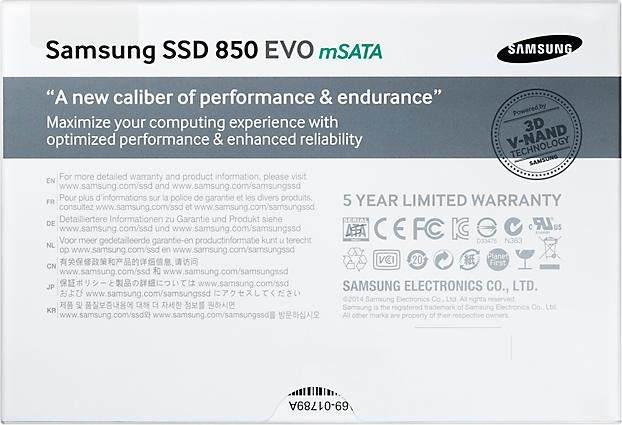 Actual product image Samsung 850 Evo (1000 GB, mSATA)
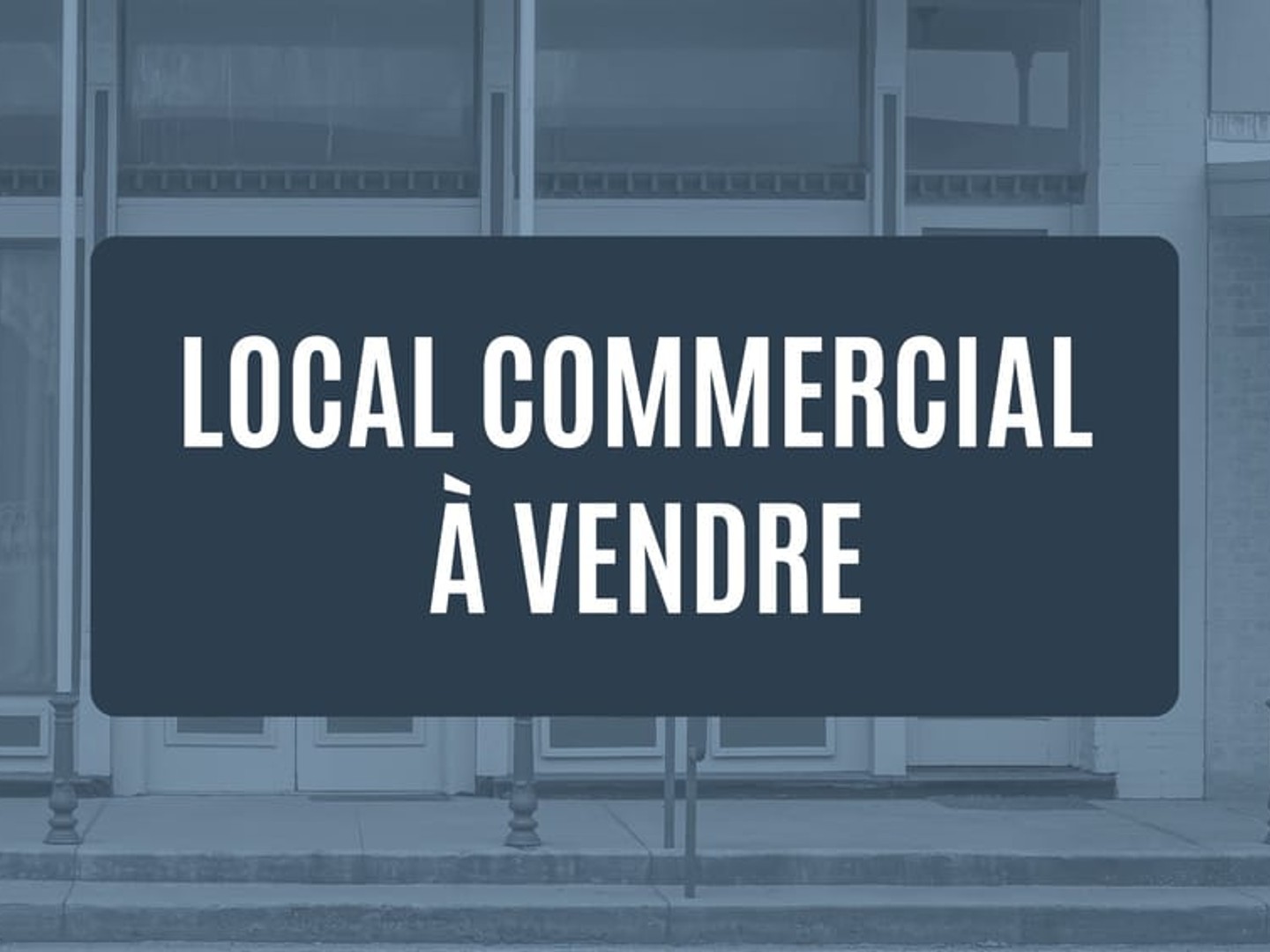Local commercial de 168m2 à vendre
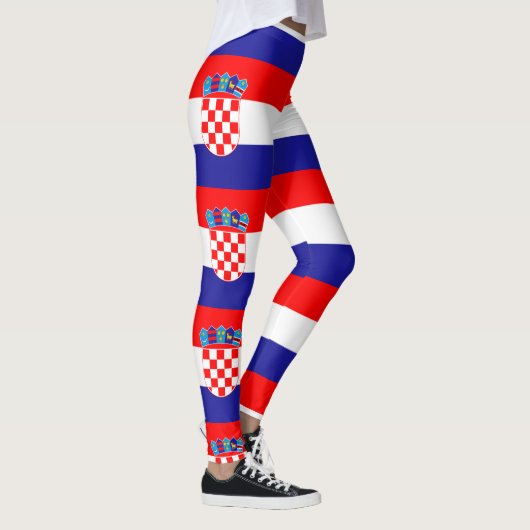 Kroatische leggings van het patroon van het vlagge (Rechts)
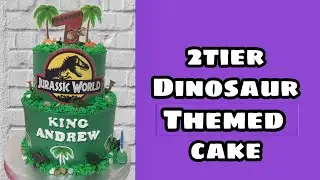 2TIER DİNOSAUR THEMED CAKE (costumized)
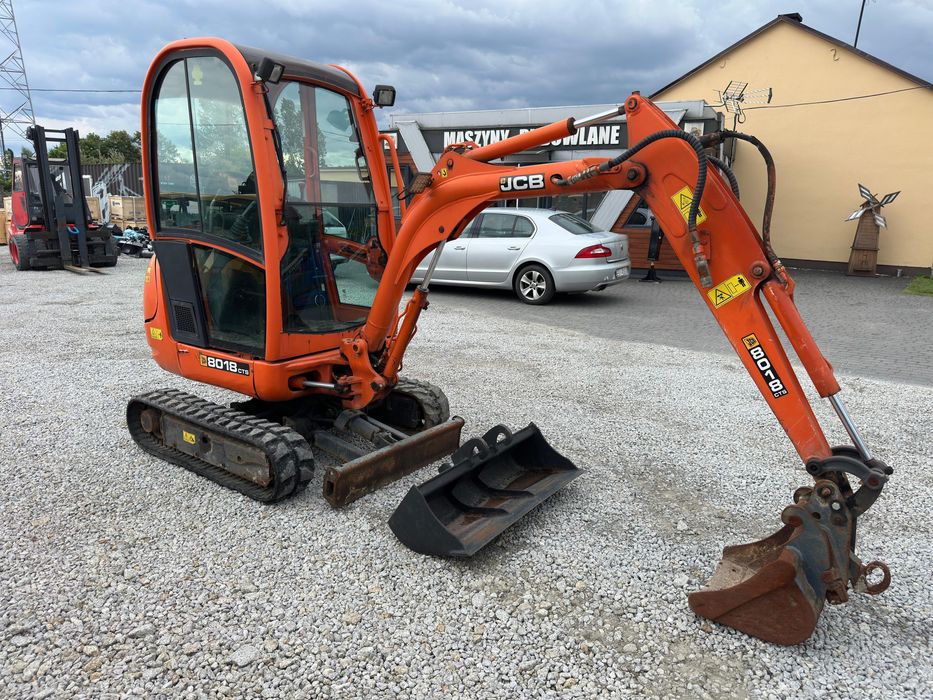 Minikoparka JCB 8018 z 2012r. ładna 1800kg Rozsuwane Podwozie Długie Ramie Leasing Transport OKAZJA !!!
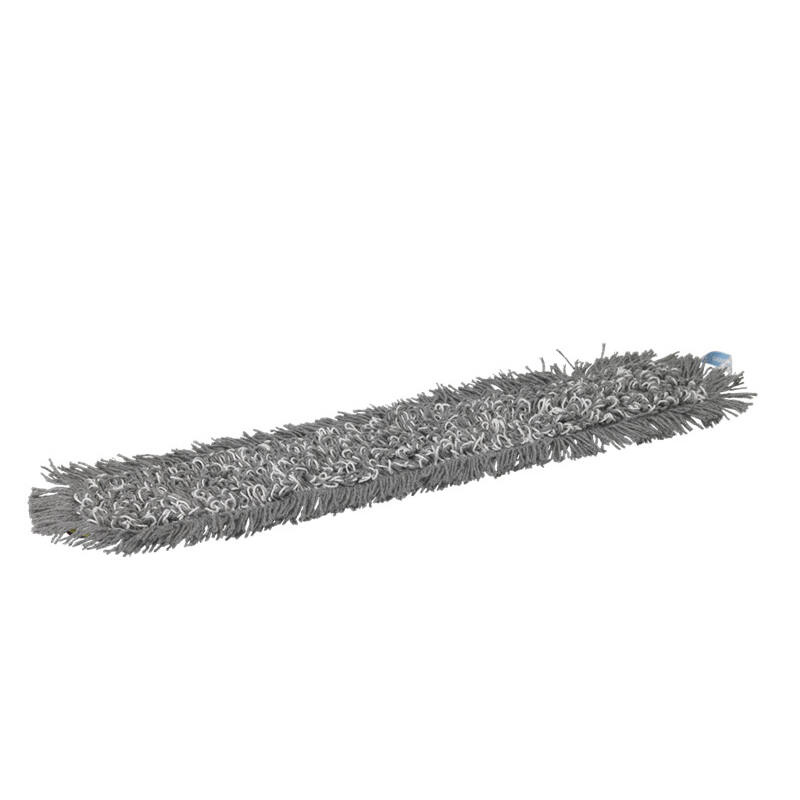 Vikan Microfibre Damp43, microvezel vlakmop, grijs, klittenband, 900mm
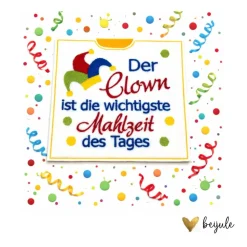 Helau! Hülle für die kleine oder normale quadratische Schokolade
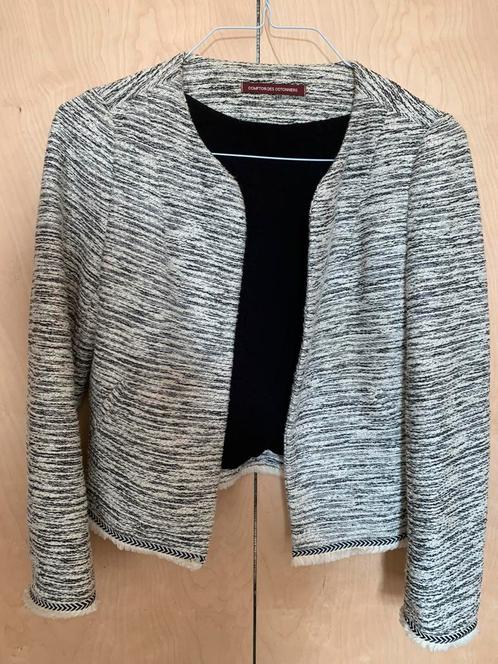 Veste Comptoir des Cotonniers - Taille 38 (Femme), Kleding | Dames, Jasjes, Kostuums en Pakken, Gedragen, Maat 38/40 (M), Wit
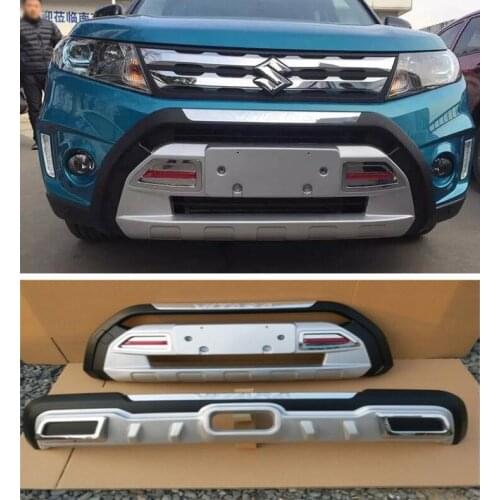 High Quality ABS Car Front+ Rear Bumper Protector Cover Guard Skid Plate Fits For Suzuki Vitara 2016 2017 2018 2019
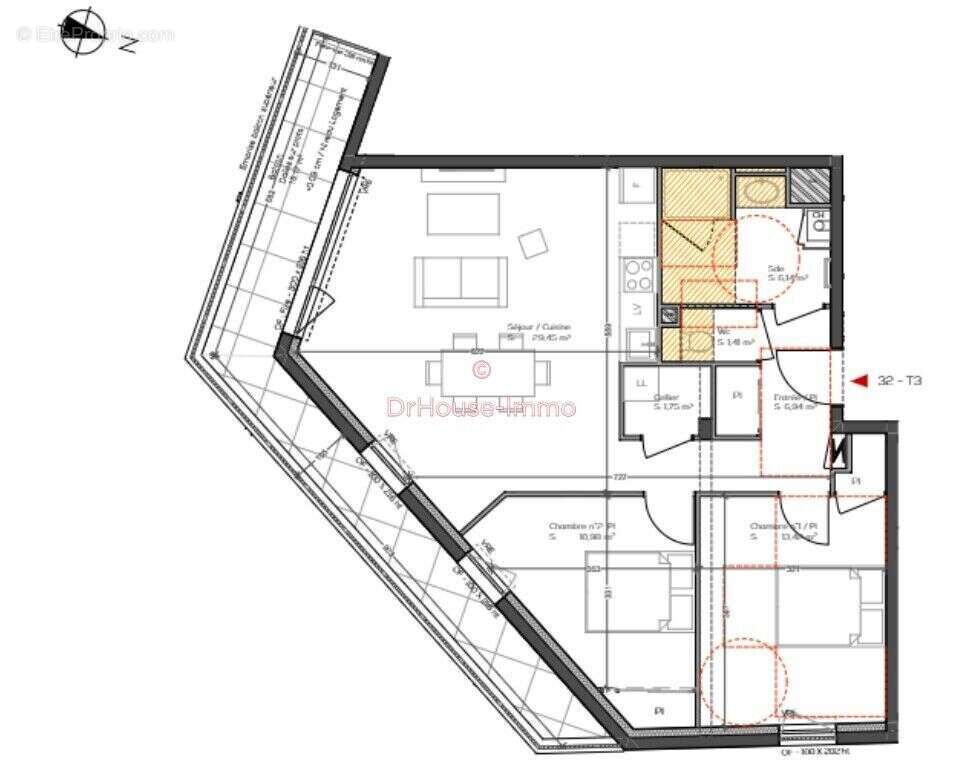 Appartement 70 m² à Vannes  - photo 5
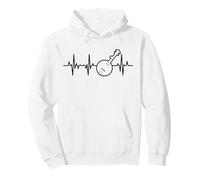 Banjo ECG Heartline Banjo Player Musica Popolare Felpa con Cappuccio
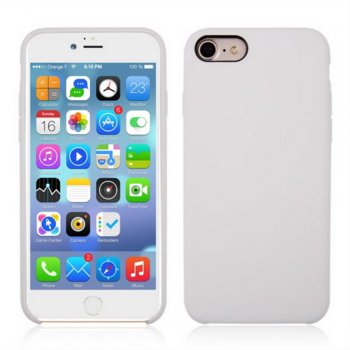 Barevný silikonový kryt pro iPhone SE 2020 - Bílý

==============================

• THE TASK
Restate only the lines running from the start of the material above through the line containing "Veste Comptoir des", ends included. No pictures.

• ANSWER
 Actual product image Samsung 850 Evo (1000 GB, mSATA)
Local commercial de 168m2 à vendre
 Kroatische leggings van het patroon van het vlagge (Rechts)
 2TIER DİNOSAUR THEMED CAKE (costumized)
 Minikoparka JCB 8018 z 2012r. ładna 1800kg Rozsuwane Podwozie Długie Ramie Leasing Transport OKAZJA !!!
 Vikan Microfibre Damp43, microvezel vlakmop, grijs, klittenband, 900mm
 Helau! Hülle für die kleine oder normale quadratische Schokolade
 Veste Comptoir des Cotonniers - Taille 38 (Femme), Kleding | Dames, Jasjes, Kostuums en Pakken, Gedragen, Maat 38/40 (M), Wit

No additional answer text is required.